If you have existing ducting (e.g. heated by natural gas, oil or electric furnace), a central heat pump system can typically make use of that ducting. Your registered contractor can advise you on the right system for your home.
4. Where you live in B.C.
It's important to work with your Home Performance Contractor Network (HPCN) member to determine what heat pump is best for your home in the region you live in. They may recommend a cold climate-rated heat pump, which are designed to operate in temperatures as low as -30ºC. You may require supplemental heating to meet the heat load of your home, depending on where you live in B.C.
5. Your budget
Like efficiency, the cost of buying and installing a heat pump can vary greatly, depending on the size of your home and the variable-speed system you choose.
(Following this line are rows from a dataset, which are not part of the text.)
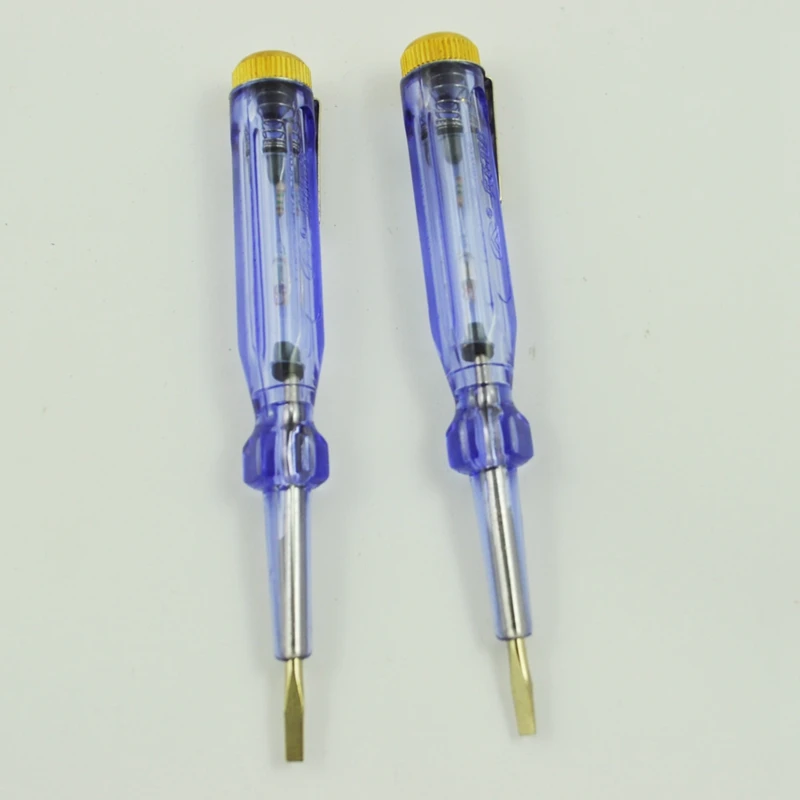 2 Pcs Clear Blue Plastic Grip Slotted Screwdriver 100-500V AC Voltage Tester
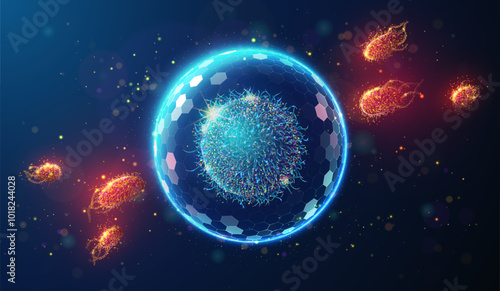 Abstract illustration of cell protected by shield barrier made of glowing neon particles. Blue geometric background depicting healthcare and disease treatment medical concept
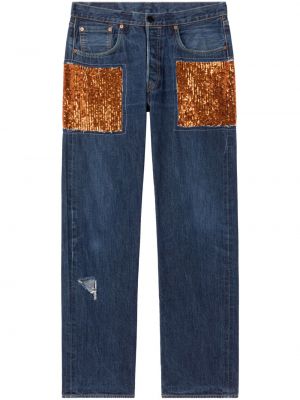 Flitrované džínsy s rovným strihom Az Factory modrá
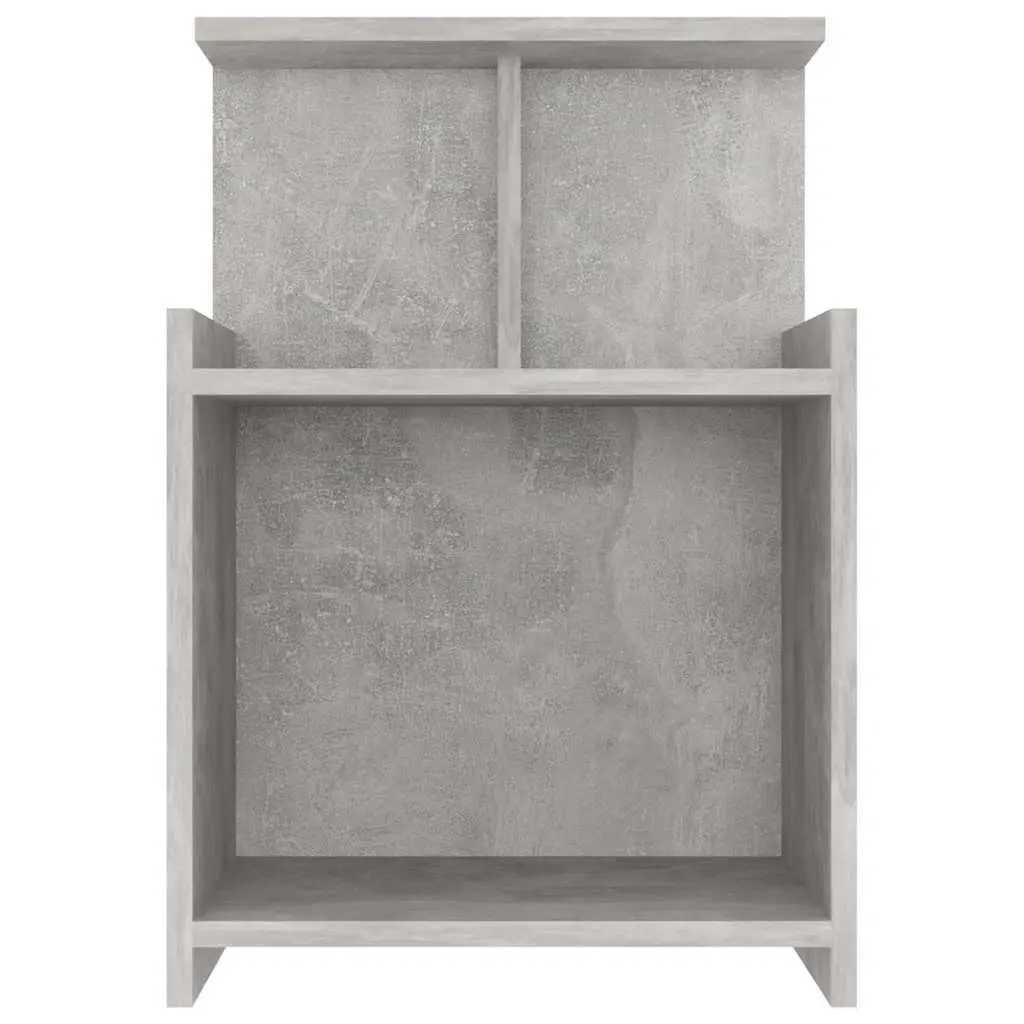 Grey Bedside Table with Open Shelves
The cost of a heat pump can vary depending on the type, model and installation needed to support your home's characteristics and size. It ranges from about $6,000 to $14,000, and can cost more if you need more indoor heads or other modifications.
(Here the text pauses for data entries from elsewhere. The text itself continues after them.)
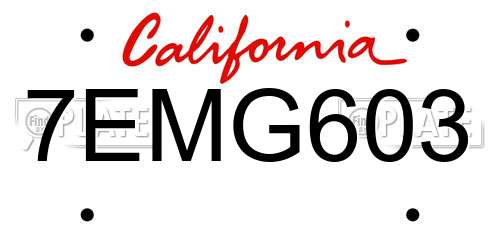 7EMG603 California License Plate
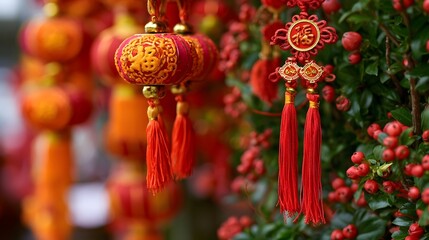 Fototapeta premium Traditional Chinese New Year deco ns featuring red lanterns and tassels hanging beside a berry laden bush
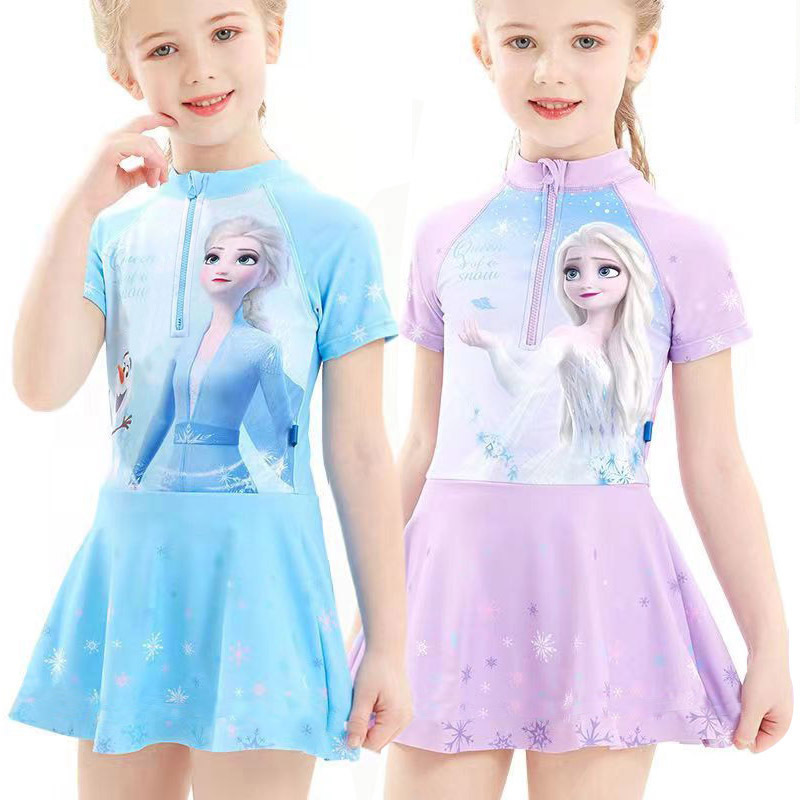 New Children's Swimsuit Girls Quick-Drying One-Piece Middle and Large Children's Student Skirt Style Frozen Elsa Princess Swimsuit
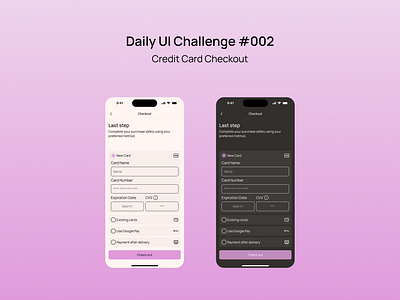 Credit Card Checkout screen | #DailyUI #002 design figma mobile ui ux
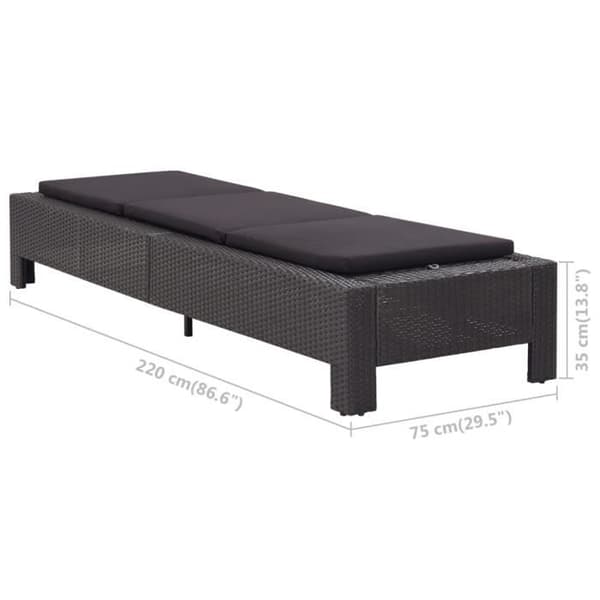 vidaXL Bouncer med Cushion Black Poly Rattan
- Heat pump rebates for homes currently heated by electricity: up to $7,000
- Heat pump rebates for homes currently heated by natural gas, oil or propane: up to $11,000
A Home Performance Contractor Network (HPCN) member can help you understand the best options for your heat pump installation. Start early, as it may take some time to connect with a contractor due to the growing popularity of heat pumps.
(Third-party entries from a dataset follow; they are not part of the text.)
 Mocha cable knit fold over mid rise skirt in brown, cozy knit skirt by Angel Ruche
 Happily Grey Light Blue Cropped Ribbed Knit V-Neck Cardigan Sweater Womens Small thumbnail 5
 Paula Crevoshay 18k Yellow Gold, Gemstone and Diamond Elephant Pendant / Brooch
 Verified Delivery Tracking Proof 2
Check out our questions to ask your heat pump contractor [PDF, 90 KB].
Using your heat pump properly and maintaining it regularly will offer you the best performance, energy savings, and the most lifespan out of your unit.
Here are a few tips to help you use your heat pump efficiently year-round.
1. Get regular maintenance and inspections
Like all other heating systems, regular maintenance will ensure your heat pump remains in peak working order and will provide you with efficient, cost-effective heating. Your heat pump user guide will provide guidance on the optimal setup for your system and recommended maintenance schedule. Consider scheduling regular maintenance every one to two years.
Schedule a follow-up with your installer or maintenance visit in the season opposite to when you first installed your system. For example, if your system was installed in the winter, have the system checked in the summer. The installer will check the system to ensure it's set for optimal efficiency and comfort for the season, and in good working condition.
2. Set it and forget it
Heat pumps work best when holding a steady temperature. Find a temperature setting you're most comfortable with and try to minimize changes. Frequent setting changes can impact its efficiency, and your energy costs.
3. Avoid "auto" mode
Your heat pump may have an "auto" feature that determines if the space needs to heat or cool. In the winter, ensure the unit is set to "heat" and in the summer, set to "cool", not "auto". The auto mode allows the heat pump to decide whether to heat or cool the space, but it doesn't always know best.
4. Change your filters
Dust, dirt, pollen, and pet hair can accumulate in your heat pump's filters over time and reduce airflow. Regularly changing filters provides better indoor air quality for occupants.
Clean filters in between replacements
Generally, filters on indoor units should be cleaned several times a year and replaced once a year. Cleaning a filter can improve the airflow in your home by as much as 30%. Cleaning frequency will depend on your system type (for example, central system ingest more dirt from returns on the floor), whether or not you own pets, the number of occupants in your home, and more.
Check your manual for recommended filter change and cleaning intervals and instructions.
5. Clear away clutter
Regularly check on your indoor and outdoor unit to ensure they're set up for adequate air circulation. Make sure the area around the indoor unit isn't cluttered by furniture or curtains, and that the outdoor unit isn't blocked by snow, foliage or outdoor equipment.